▶ _PROBLEM TO WORK ON_: Copy the lines below, word for word, from the first through the line containing "Spigen Optik Armor". Leave the pictures out.

▶ _SUPPLIED ENTRIES_:
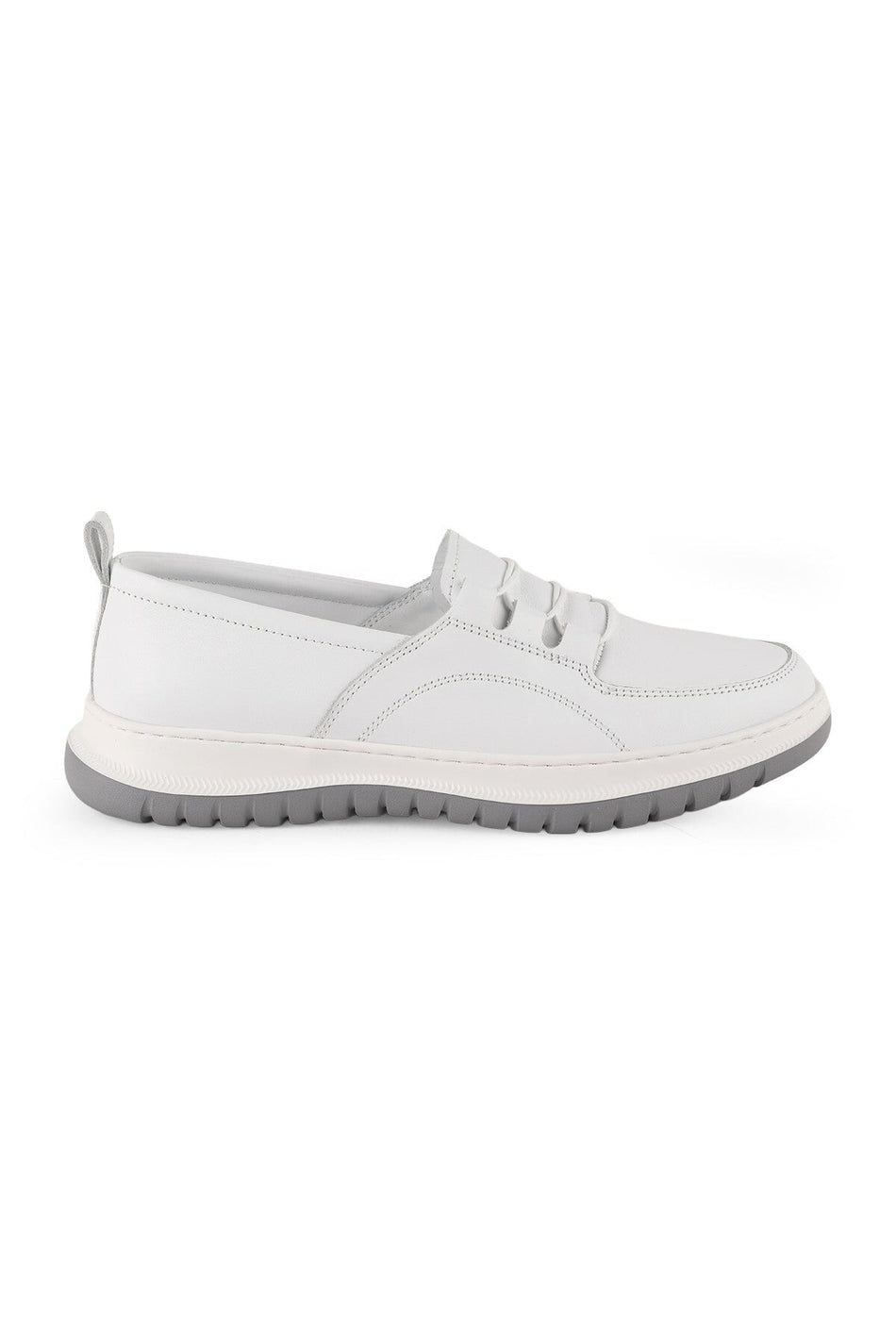 Women's Genuine Leather Casual Shoes Lightweight Eva Sole Lace-Up Comfort Casual Model Lz5908 - MALLTURK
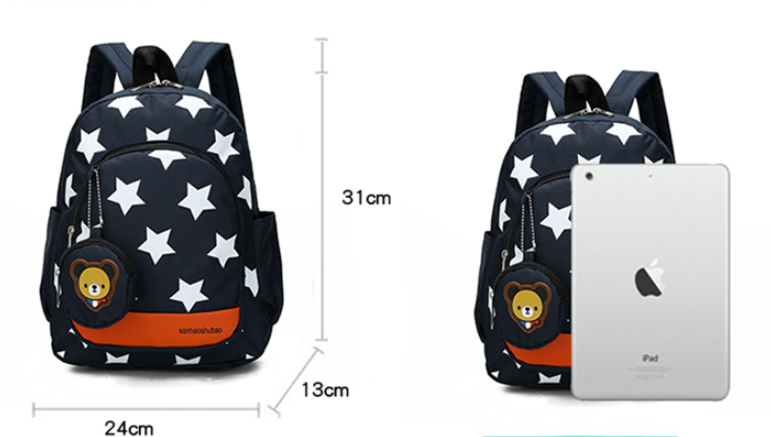 Star cartoon package kindergarten men and women baby bag in the big class 3-4-5 years old children backpack cross-border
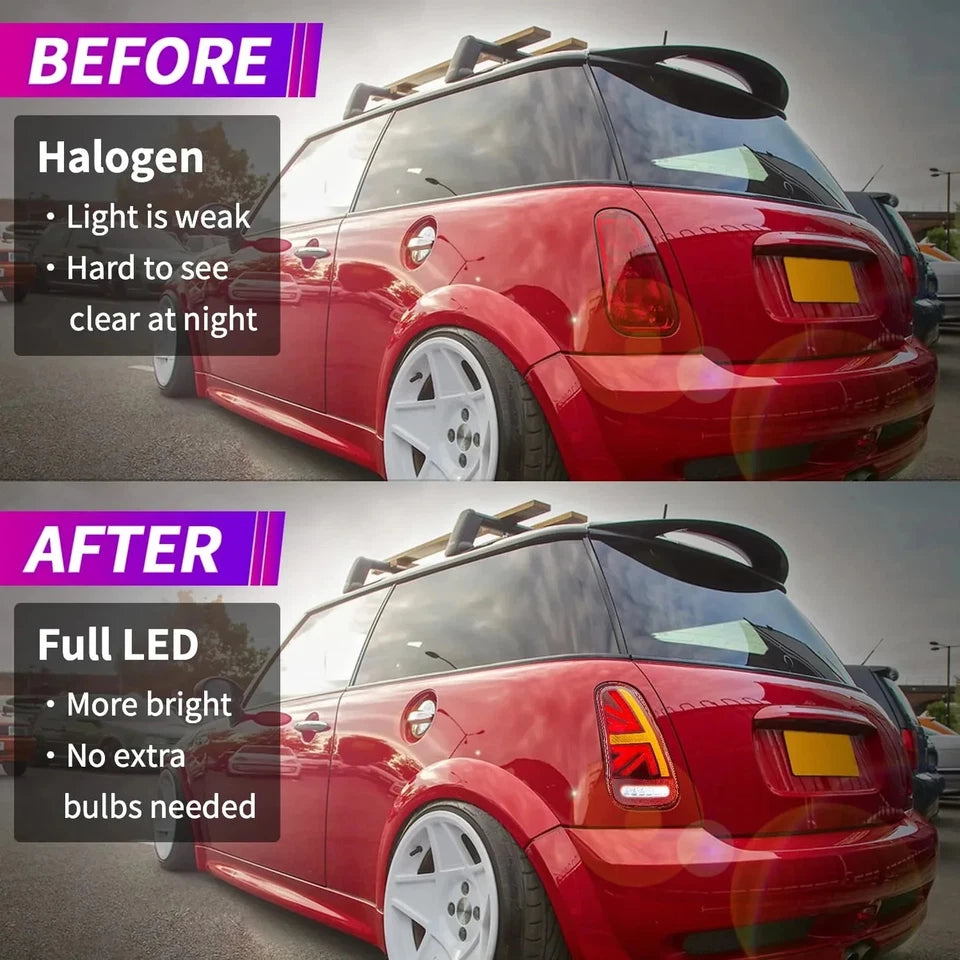 NTXGlow Red LED Tail Lights (2001-2008 BMW Mini Cooper R50, R53)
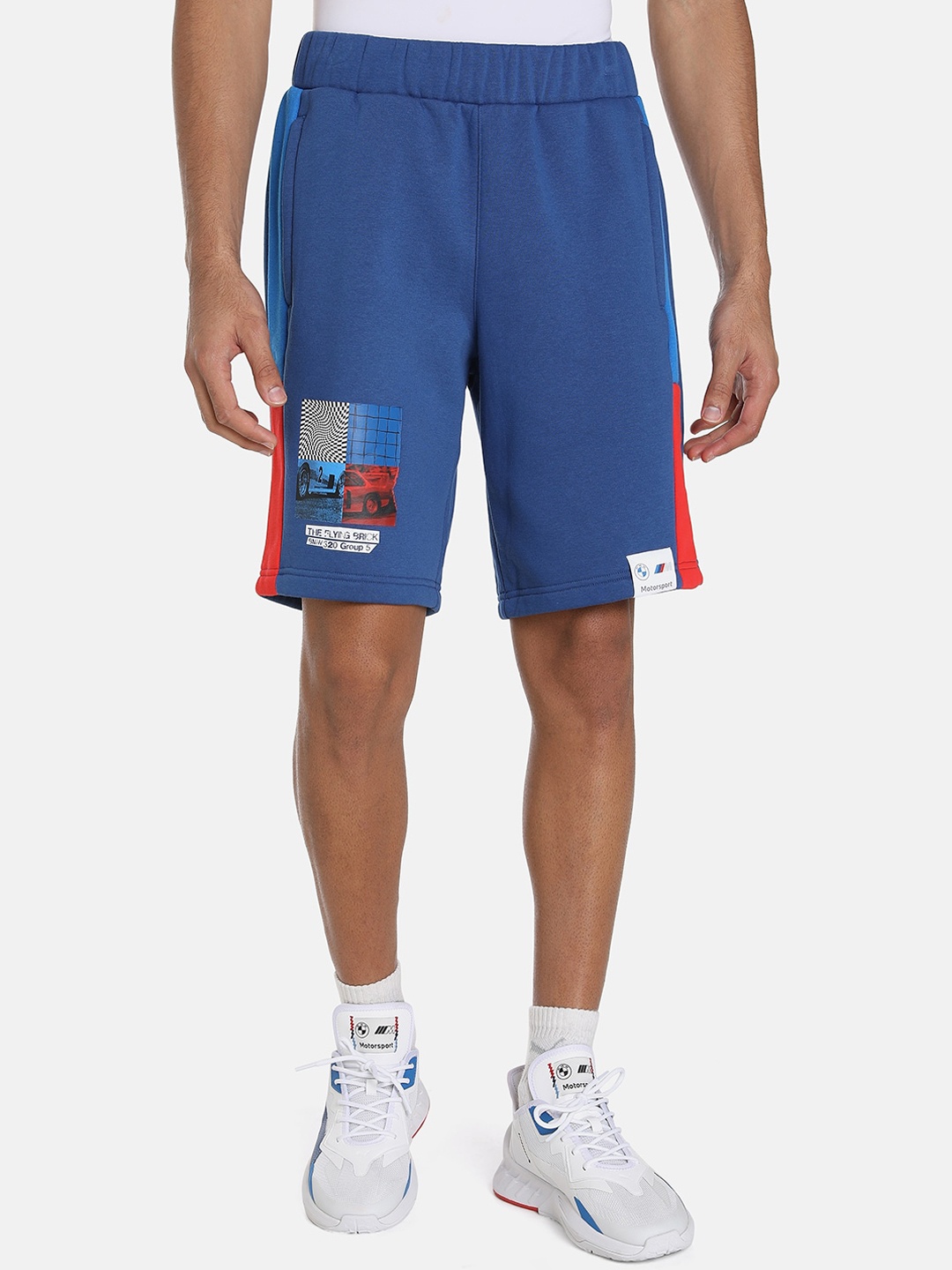

PUMA Motorsport Men BMW M Motorsport Graphic 10" Regular Fit Sports Shorts, Blue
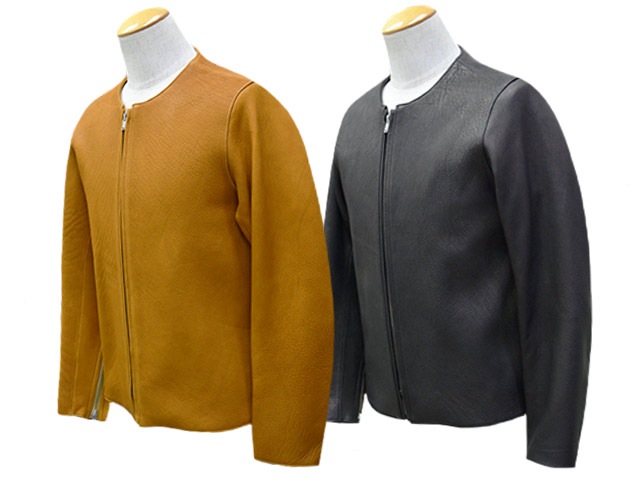 ��2����FINE CREEK&CO/�ե����󥯥꡼������ɥ����ۡ�Collarless Single Riders Jacket��Bud Deer��/���顼�쥹���󥰥�饤���������㥱�åȡɥХ� �ǥ����ɡ�(ACJK041)��ͽ����/2026ǯ������ͽ���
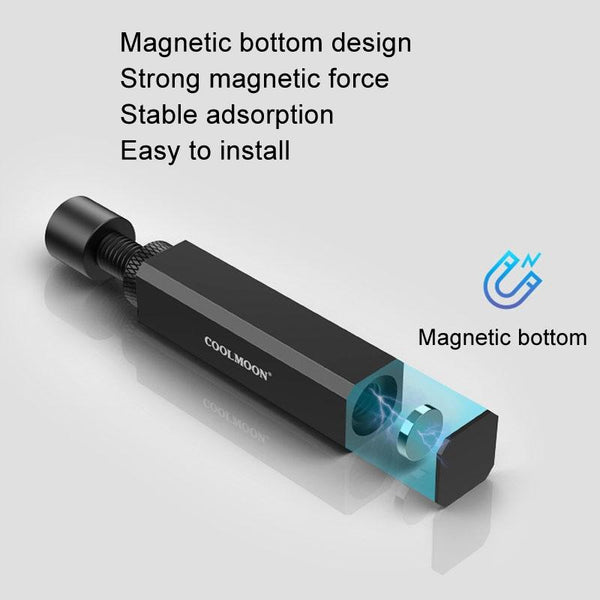 COOLMOON Graphics Card Stand Desktop Computer Graphics Card Vertical Top Support Bracket Screw Telescopic Support Rods, Adjustable Height: 7.5-12cm (Black)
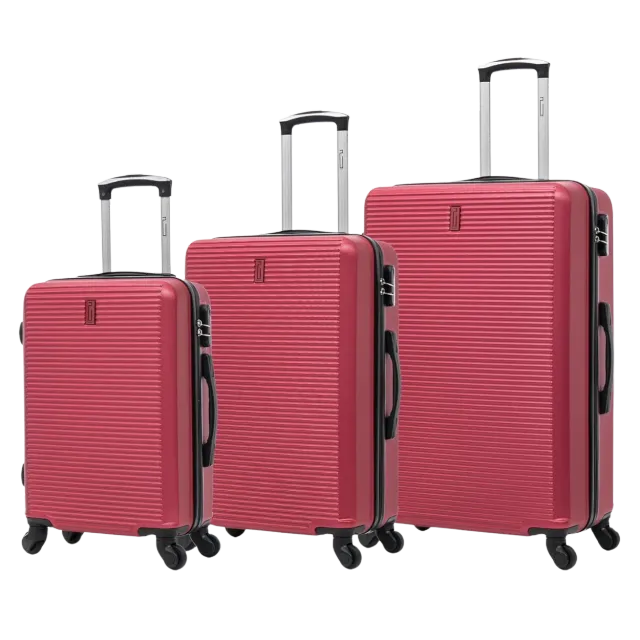 CELIMS Weekend Set 3 Valigie ABS Bordeaux 55-65-75cm rigide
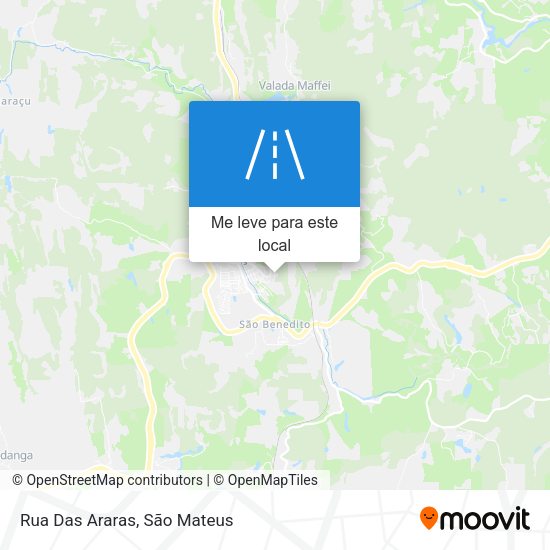 Rua Das Araras mapa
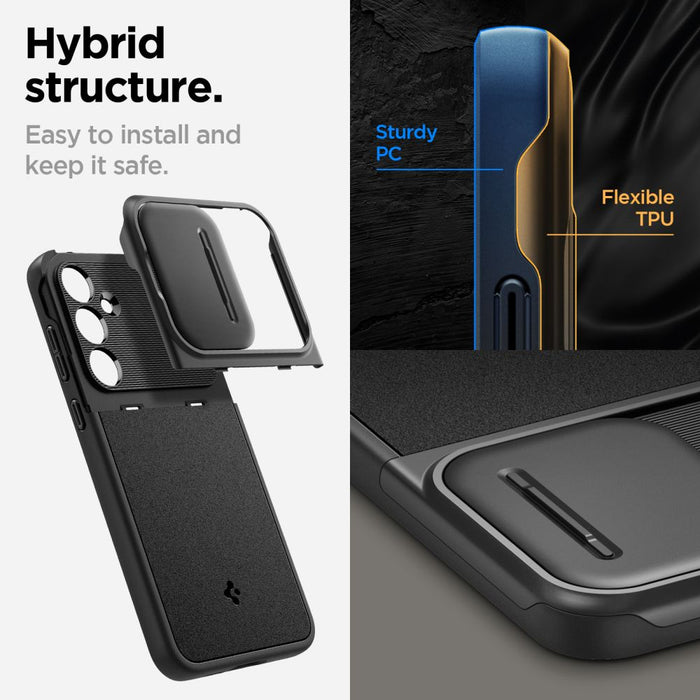 Spigen Optik Armor Case for Samsung Galaxy A55 5G - Black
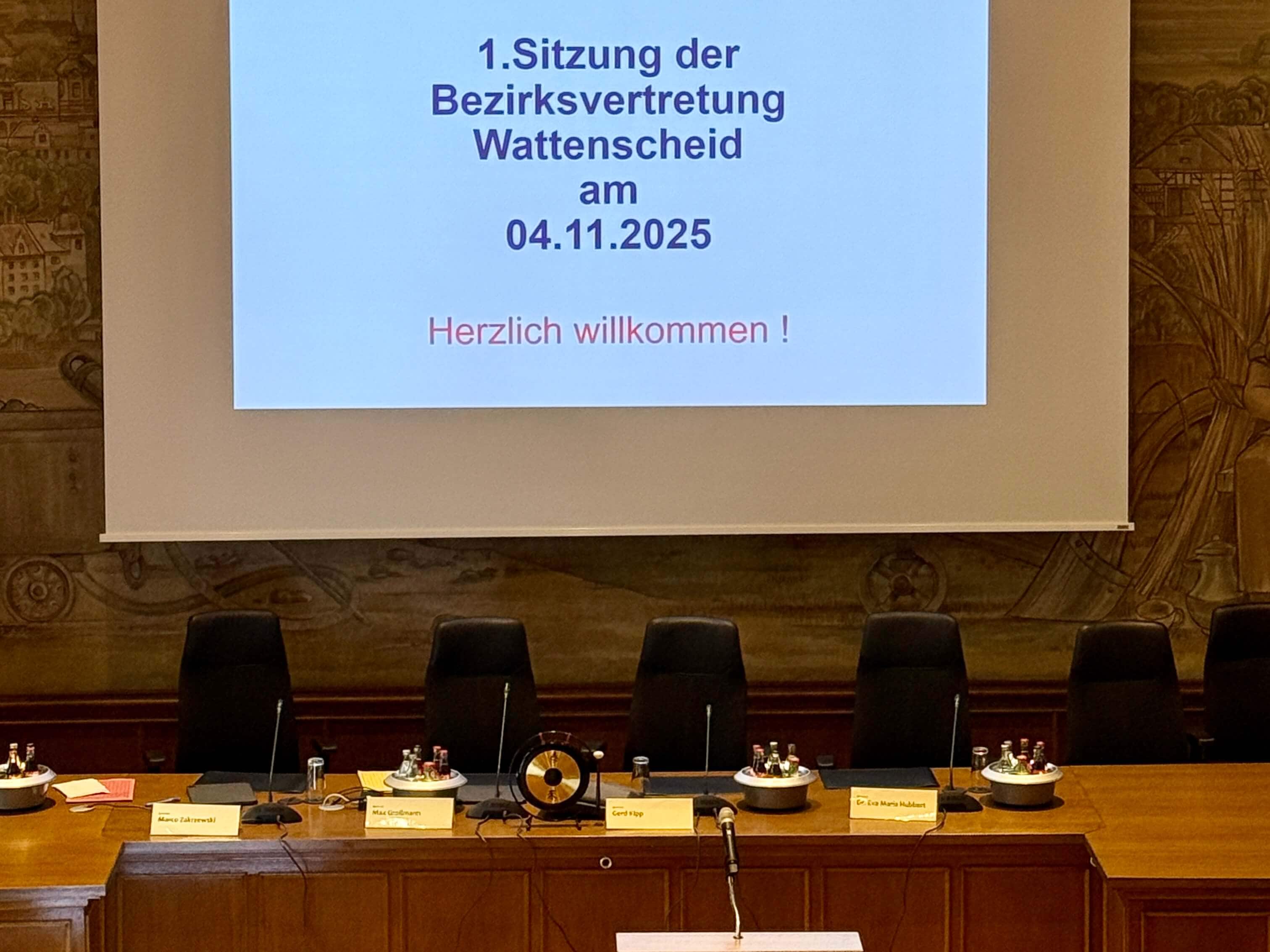 Sitzung der Bezirksvertretung Bochum-Wattenscheid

▶ _EXERCISE SOLUTION_:
 Women's Genuine Leather Casual Shoes Lightweight Eva Sole Lace-Up Comfort Casual Model Lz5908 - MALLTURK
 Star cartoon package kindergarten men and women baby bag in the big class 3-4-5 years old children backpack cross-border
 NTXGlow Red LED Tail Lights (2001-2008 BMW Mini Cooper R50, R53)

PUMA Motorsport Men BMW M Motorsport Graphic 10" Regular Fit Sports Shorts, Blue
 ��2����FINE CREEK&CO/�ե����󥯥꡼������ɥ����ۡ�Collarless Single Riders Jacket��Bud Deer��/���顼�쥹���󥰥�饤���������㥱�åȡɥХ� �ǥ����ɡ�(ACJK041)��ͽ����/2026ǯ������ͽ���
 COOLMOON Graphics Card Stand Desktop Computer Graphics Card Vertical Top Support Bracket Screw Telescopic Support Rods, Adjustable Height: 7.5-12cm (Black)
 CELIMS Weekend Set 3 Valigie ABS Bordeaux 55-65-75cm rigide
 Rua Das Araras mapa
 Spigen Optik Armor Case for Samsung Galaxy A55 5G - Black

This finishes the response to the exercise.